• _Information given_
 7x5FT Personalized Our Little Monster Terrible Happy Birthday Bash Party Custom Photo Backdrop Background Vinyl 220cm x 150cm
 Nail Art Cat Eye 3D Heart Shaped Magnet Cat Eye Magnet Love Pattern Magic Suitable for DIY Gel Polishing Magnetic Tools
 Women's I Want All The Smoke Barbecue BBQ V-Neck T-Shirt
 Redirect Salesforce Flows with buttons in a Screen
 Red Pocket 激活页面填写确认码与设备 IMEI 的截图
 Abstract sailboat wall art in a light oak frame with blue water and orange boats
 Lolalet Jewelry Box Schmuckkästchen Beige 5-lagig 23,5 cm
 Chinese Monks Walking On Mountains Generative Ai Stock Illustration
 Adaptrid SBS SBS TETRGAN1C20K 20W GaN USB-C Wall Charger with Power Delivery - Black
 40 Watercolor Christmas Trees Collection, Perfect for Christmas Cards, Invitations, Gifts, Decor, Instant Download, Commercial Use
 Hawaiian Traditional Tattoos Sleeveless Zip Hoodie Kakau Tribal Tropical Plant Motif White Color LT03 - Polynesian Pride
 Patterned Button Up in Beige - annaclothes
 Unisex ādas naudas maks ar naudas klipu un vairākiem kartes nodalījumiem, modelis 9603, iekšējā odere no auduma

• _Work task_
Your answer should consist only of the lines above between the line holding "Adaptrid SBS SBS" and the line holding "Hawaiian Traditional Tattoos", inclusive, each transcribed exactly.

• _Task result_
 Adaptrid SBS SBS TETRGAN1C20K 20W GaN USB-C Wall Charger with Power Delivery - Black
 40 Watercolor Christmas Trees Collection, Perfect for Christmas Cards, Invitations, Gifts, Decor, Instant Download, Commercial Use
 Hawaiian Traditional Tattoos Sleeveless Zip Hoodie Kakau Tribal Tropical Plant Motif White Color LT03 - Polynesian Pride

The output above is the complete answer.